Thursday, May 08 14:05:18

New car sales rose by 27pc in first quarter of 2014, prompting the Society of the Irish Motor Industry (SIMI) to say that the recovery in the industry is well under way.

The review -from SIMI and DoneDeal - shows a significant upturn in the motor industry compared to previous years and the first quarter has already shown a cause for optimism within the industry in Ireland.

The review also highlighted several other areas for optimism in the sector. The price of petrol is 5.3pc lower than the first quarter in 2013, while the price of diesel is also down by 4.7pc in the same period. Motor taxation costs remained the same in the budget while the cost of buying a new car was down by 2.7pc compared to the same period in 2013. However, there was an increase in insurance with premiums going up by 4.4pc since March 2013.

Economist Jim Power, who compiled the Review based on information from SIMI and said; "All in all, having experienced a dramatic decline in its fortunes, the Motor Industry is back in growth mode again and confidence within the industry is currently stronger than it has been for some time. This is important for national and regional economic activity, employment and Exchequer receipts."

Already this year the Irish Exchequer has benefitted to the tune of E453.7 million from new car sales in Ireland. This is 5pc of the total tax take for the country in the first three months of the year. The strongest growth in new car sales in Ireland was in Leitrim, which saw an increase of 57.6pc. Dublin saw the lowest increase in growth, just 16.6pc but Dublin represents 36.4pc of all new car sales.

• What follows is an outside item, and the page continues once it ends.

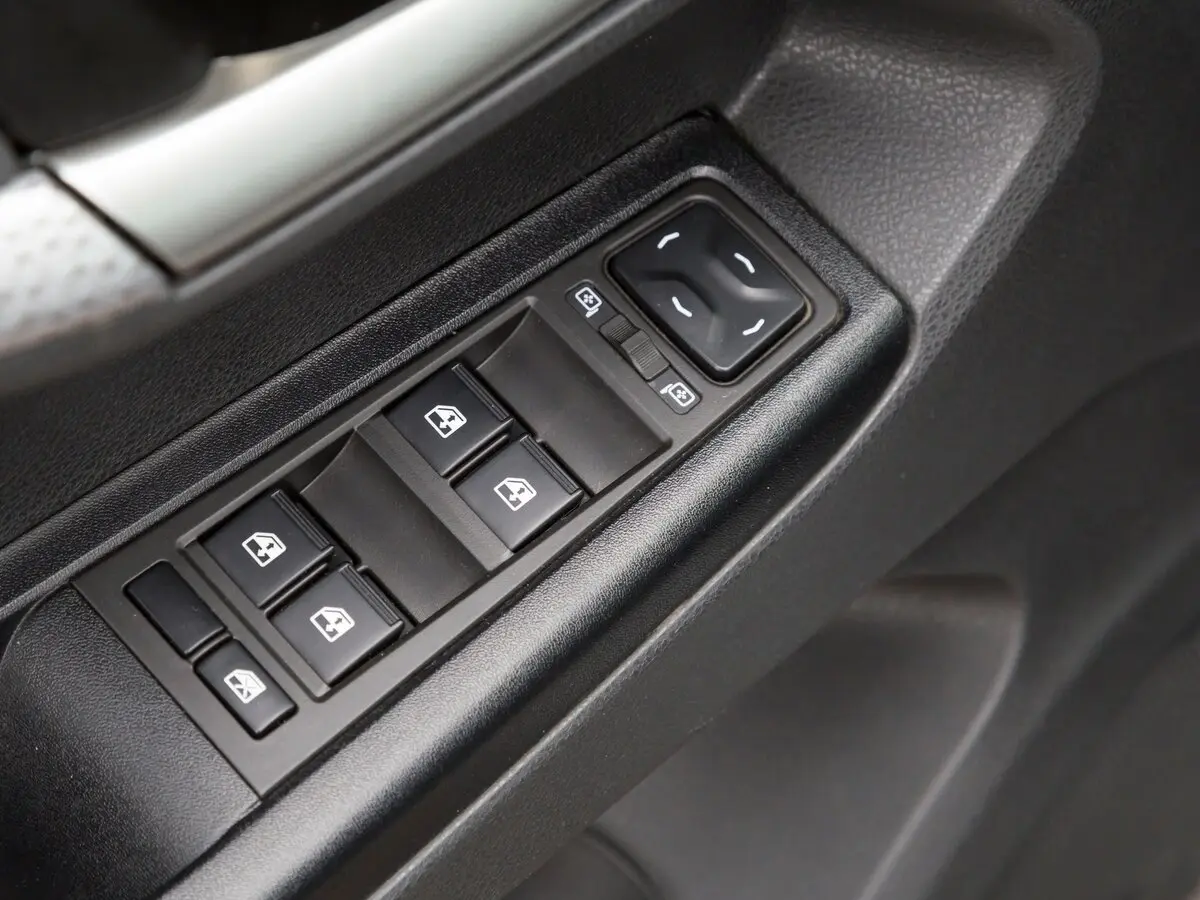 Lada (ВАЗ) Vesta I Седан Cross — photo 27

Alan Nolan, Director General of SIMI, said: "This is the first quarterly review we have produced and the results certainly leave us cautiously optimistic for the future of the industry. After six extremely tough years for the motor industry in Ireland, we seem to be stabilising and the projected figures are positive, but they are just projections. The cost of a new car is down, the cost of fuel is down and the government has also helped the industry by keeping tax levels stable in the last budget. However, if the industry is to rebuild, it is essential that these structures remain in place as a foundation for us to plan the future on."

Paul Linders, SIMI President said, "Dealers and the Industry as a whole are optimistic, we are getting more enquiries in our showrooms and sales are obviously well up from the same quarter last year but it must be small steps. We hope to grow sales year on year going forward. This year we should get to 85,000 and we hope to grow this steadily by 10,000 per year with a possible projection of 120,000 new car sales in 2017."

"Every additional 10,000 cars sold will generate E82 million for the Exchequer and support an additional 1,300 jobs, which would lead to over new jobs 5,000 by 2017," he went on to say.